Work instructions: Quote every line of the material beneath this one.

Collected material:
[Start of Attachment]

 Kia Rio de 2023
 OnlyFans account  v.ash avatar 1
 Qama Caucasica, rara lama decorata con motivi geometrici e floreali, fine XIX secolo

[End of Attachment]

Your response:
 Kia Rio de 2023
 OnlyFans account  v.ash avatar 1
 Qama Caucasica, rara lama decorata con motivi geometrici e floreali, fine XIX secolo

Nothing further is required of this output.